I was stunned. Compassion? Comfort? For myself? I had certainly never considered that. His words spoke to a wound so deep inside of me that tears began streaming from eyes instantly as though a button had been pressed to release them. All at once, I could see perfectly the video footage replaying in my mind but from a totally different perspective. It broke my heart. The voice of condemnation was quiet for once, and I just saw a little girl who was an innocent bystander swept into a whirlwind of insanity and suffering. I wanted to give her a hug. I wanted her to know how sorry I was for everything she was going through and all the heartache that was yet to come. For perhaps the first time in my life, I was able to see myself through the eyes of grace.
Romans 8:1–2 came alive for me that day: “So now there is no condemnation for those who belong to Christ Jesus. And because you belong to him, the power of the life-giving Spirit has freed you from the power of sin that leads to death” (NLT).
As a child, I had committed my life to Jesus, and I genuinely believed the Bible to be infallible. So how had I missed this truth for so long? I was listening to the wrong voice. God's Holy Spirit wanted to speak love and grace to me, but I had quieted him steadily over the years by consistently listening and obeying the voice of condemnation. I found it easier to believe the negative words of the enemy because of my attitude toward myself. When I allowed the Holy Spirit to comfort me and bandage my wounds rather than push him away (because I didn't think I deserved his love), I was able to accept the grace of God and be set free! I may still have the inclination to wash my hands more often than I need, but I am able to see it as an indicator that I need to rely more heavily on God to help me and let his love wrap around me when I fail.

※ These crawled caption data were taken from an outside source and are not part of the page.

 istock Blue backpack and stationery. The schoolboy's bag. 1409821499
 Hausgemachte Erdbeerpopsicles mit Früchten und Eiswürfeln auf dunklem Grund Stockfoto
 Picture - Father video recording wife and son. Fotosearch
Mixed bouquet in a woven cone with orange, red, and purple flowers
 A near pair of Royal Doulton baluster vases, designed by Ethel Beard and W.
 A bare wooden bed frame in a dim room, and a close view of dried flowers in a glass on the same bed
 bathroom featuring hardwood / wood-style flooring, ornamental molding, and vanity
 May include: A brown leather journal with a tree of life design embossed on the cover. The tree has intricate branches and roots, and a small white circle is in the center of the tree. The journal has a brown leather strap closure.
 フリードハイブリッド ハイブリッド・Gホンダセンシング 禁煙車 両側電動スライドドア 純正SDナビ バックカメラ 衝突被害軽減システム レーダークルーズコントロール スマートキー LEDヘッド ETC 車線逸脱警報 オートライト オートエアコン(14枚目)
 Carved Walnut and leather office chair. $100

Unlike condemnation, grace speaks life: “You don't need to fix yourself. Give yourself to God! Let him work in your heart. He is for you not against you! He longs to set you free! You are loved and accepted just as you are. Your past is washed away by the power of the Cross, the precious blood of Jesus! You don't need to try so hard; you just need to trust in him and obey his voice.” Ahhh . . . Freedom!
It turns out that I do have fingerprints after all. A few days after the incident at the fingerprinting office, I spoke with my new employer to learn that she had my fingerprints on file, and I could begin work as scheduled. I could have been angry with the man who had caused me such anguish (well, I'd be lying if I said I wasn't a little angry), but he actually did me a favor. I may have never been able to have that life-changing experience had he not given me his dismissive, inaccurate report. Isn't that exactly what God's Word promises? “And we know that in all things God works for the good of those who love him, who have been called according to his purpose” (Rom. 8:28 NLT).
Condemnation wanted me to believe my identity had been washed away by my past mistakes. The grace of God teaches me that my identity is found in the one who made my fingerprints, and the blood of his Son, Jesus, has washed away my mistakes. I pray you will find yourself overcome today with the realization of God's never-ending love, patience, and grace toward you. Let him wash away the past, drown out the voice of condemnation, and fill you with the power to move forward and grab hold of every opportunity he presents you to shine your light in this dark world.